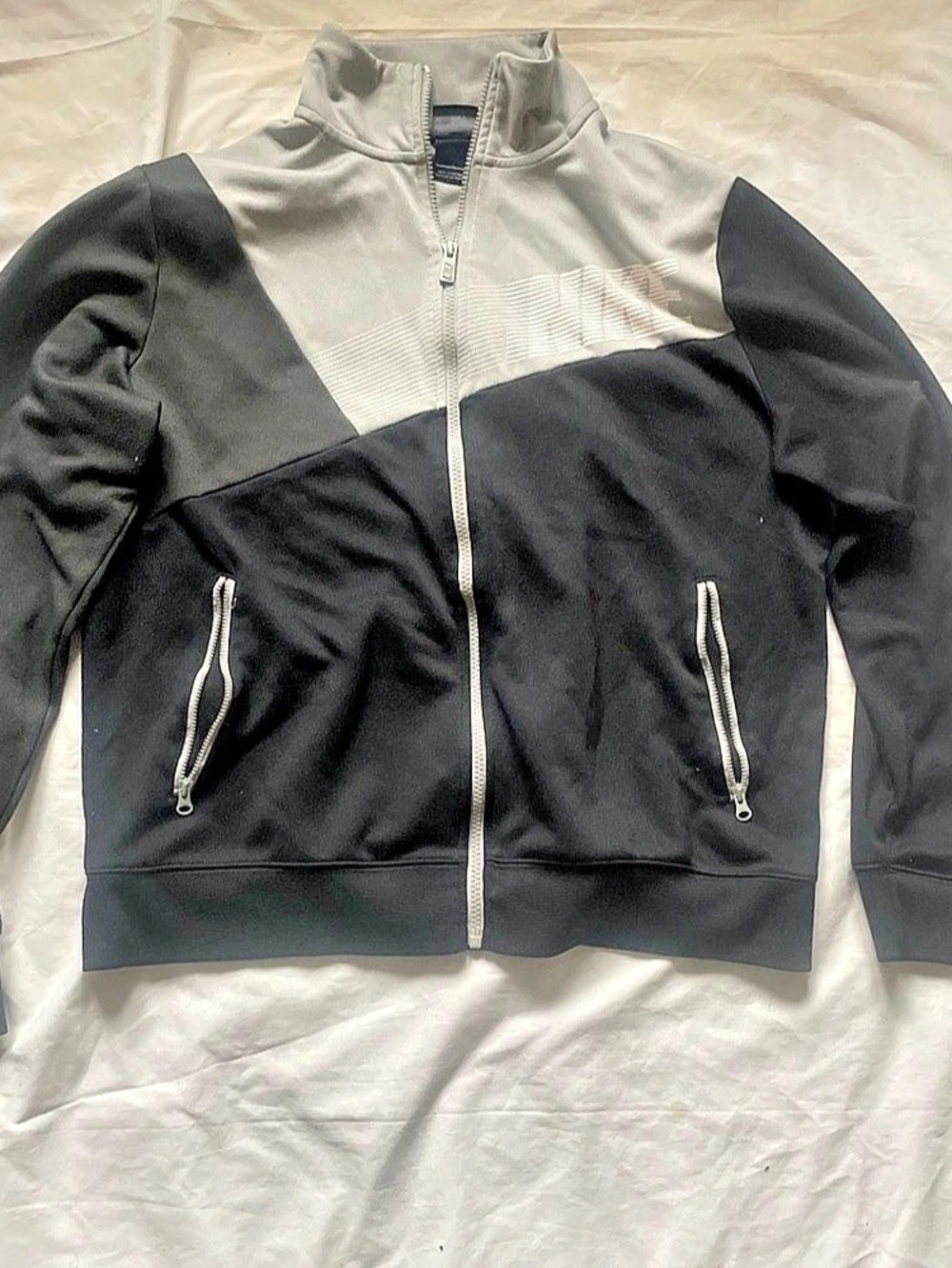 Nike Men's Color Block Track Jacket Size Large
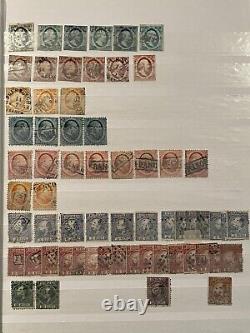 1852 1922 Netherlands Stamps Lot 211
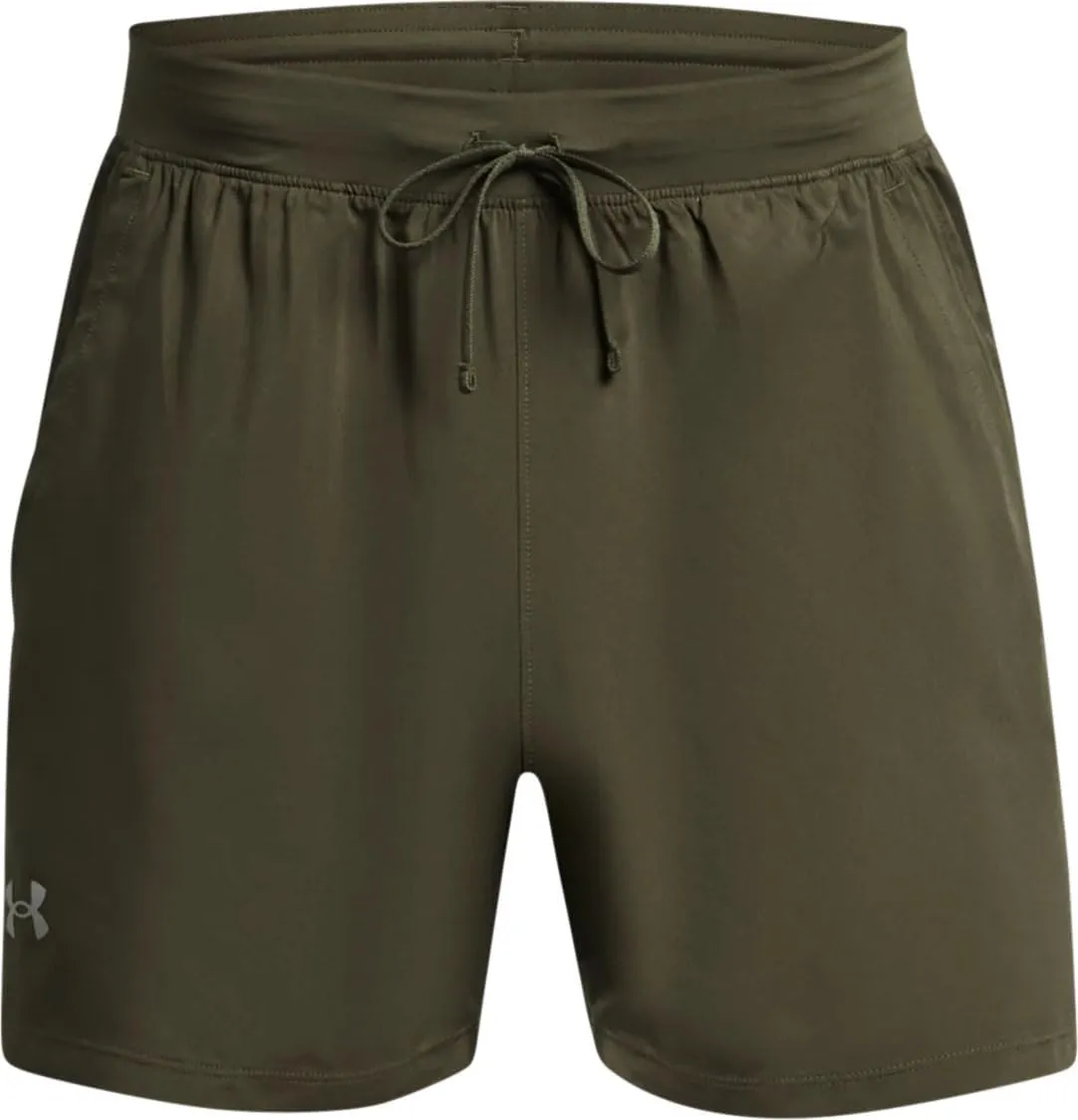 Under Armour Men's Launch Run 5 Inch Unlined Shorts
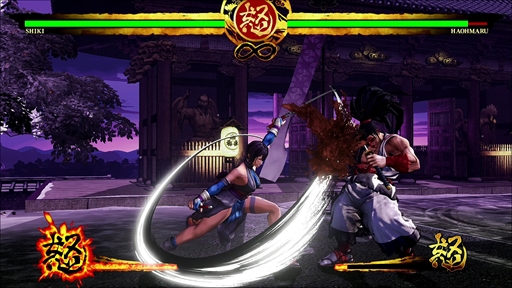 ꡼ No.048 | SAMURAI SPIRITS饯Υץ쥤ӥ塼ϤϵͽƤ᤯ڤ⤦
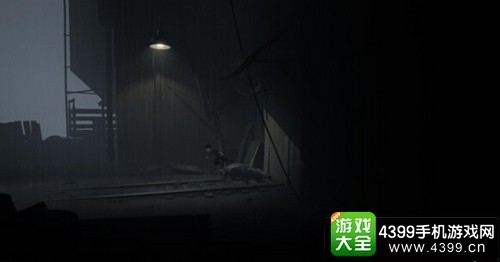 囚禁Inside通关流程图文攻略第5幕猪与傀儡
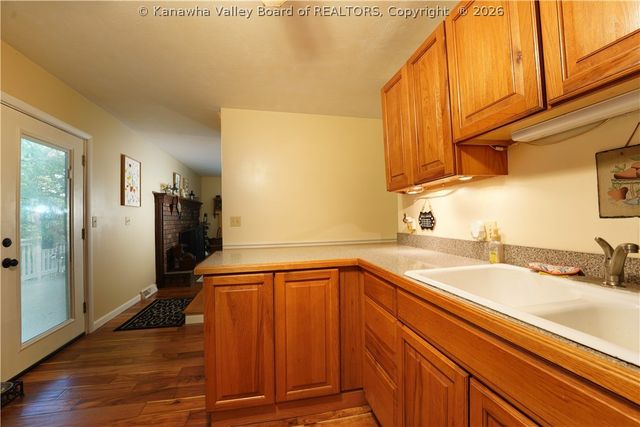 50 Mountaineer Heights Drive, Elkview, WV 25071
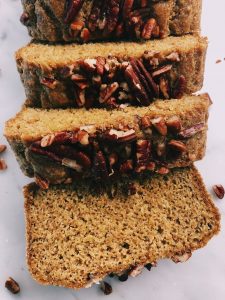 CBD Paleo Flax Bread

ASSIGNMENT → In your copy, include no pictures, but reproduce all records exactly.

TASK SOLUTION →
 Nike Men's Color Block Track Jacket Size Large
 1852 1922 Netherlands Stamps Lot 211
 Under Armour Men's Launch Run 5 Inch Unlined Shorts
 ꡼ No.048 | SAMURAI SPIRITS饯Υץ쥤ӥ塼ϤϵͽƤ᤯ڤ⤦
 囚禁Inside通关流程图文攻略第5幕猪与傀儡
 50 Mountaineer Heights Drive, Elkview, WV 25071
 CBD Paleo Flax Bread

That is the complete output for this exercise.